Shifting on this new sport-touring is effortless and offers the perfect balance of click and swish. Neutral was always easy to find, a task I find a lot of newer bikes struggle with. The bike redlines at 11.5k rpm, yet this is actually not indicated on the linear tachometer on the LCD dash, which I found surprising. I had to wring out the throttle in first gear to discover the redline. Nevertheless, as the powerband hovers around the 6-9000rpm range, it is not really necessary to touch redline. Apart from this slight fault in the LCD dash, the display is comprehensive, intuitive, and informative. The right side of the display is highly customizable in terms of statistics and metrics, well-geared towards long-distance travel. To the left of the display is a DC outlet, optimal for a GPS, which could easily be mounted to the 18L fuel tank of the FJ-09.

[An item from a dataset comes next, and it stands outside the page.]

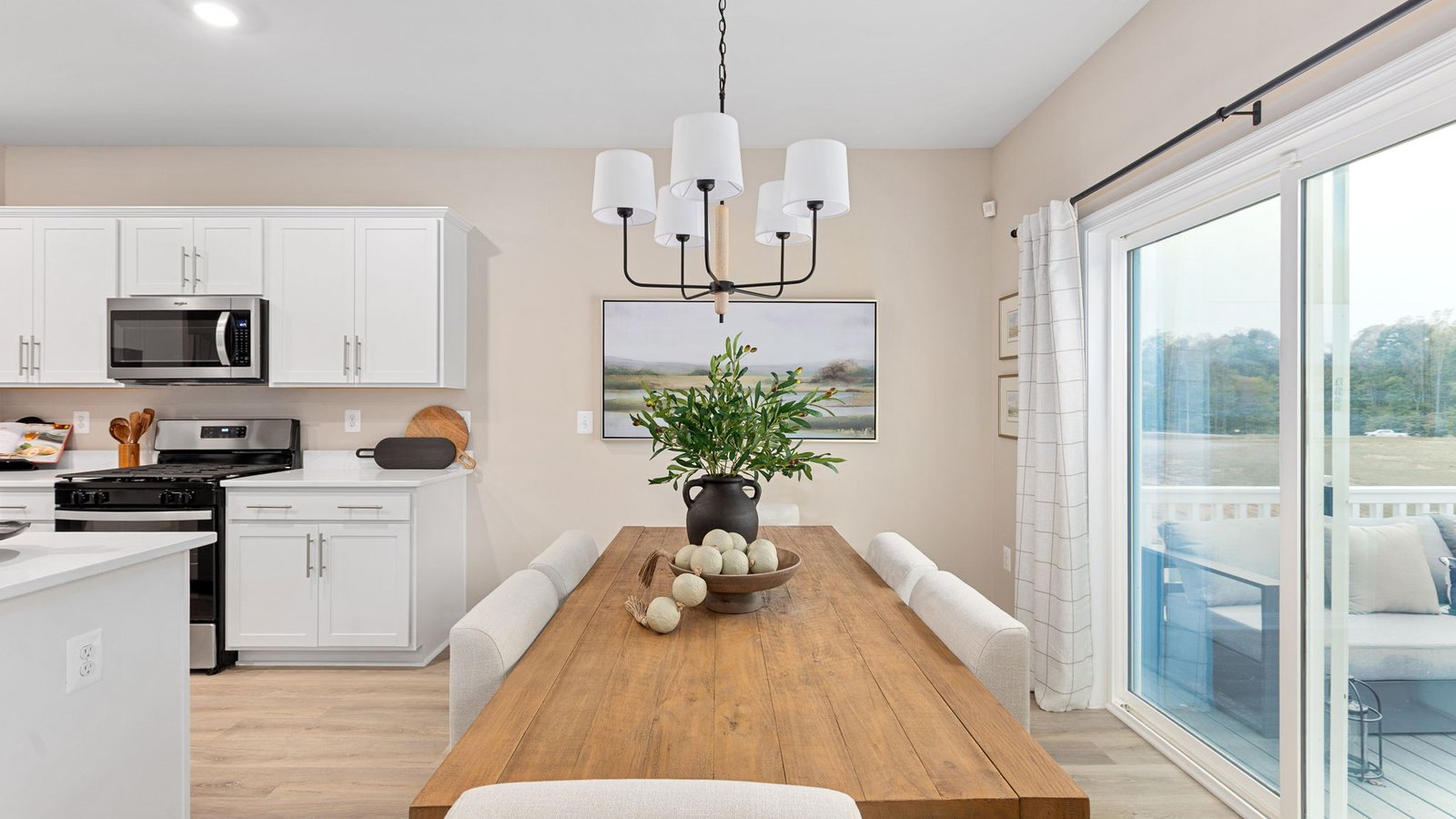 Bright dining area in a new single-family home in King George, Virginia.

When I first saw my tester, its edgy design reminded me quite heavily of a wasp in the most alluring way possible. Even on the side of the tank, a honeycomb-like design is visible. The windscreen, though, was slightly off-putting. It looked a little goofy, and in the saddle, the top edge of it landed directly at eye-level, which I thought would be cumbersome. On the contrary, the windscreen is one of the aspects of it that truly makes it such a phenomenal sport-touring machine.
Needing nothing but my hands and the ability to twist a knob, I slid the shield about 0.5 inches of its 1.2 inch range upwards. At highway speeds, rolling smooth in sixth gear, the windscreen directs all the wind about an inch above my head. Though there was minor head-rocking, wind noise was immensely decreased and my chest was nearly untouched by strong winds. Handguards also come standard on the FJ-09, which were a blessing on the cold Canadian summer days I was riding. That being said, on a particularly windy day, I did experience some high-speed wobble, which was quickly corrected by slowing down and shifting up to a higher gear.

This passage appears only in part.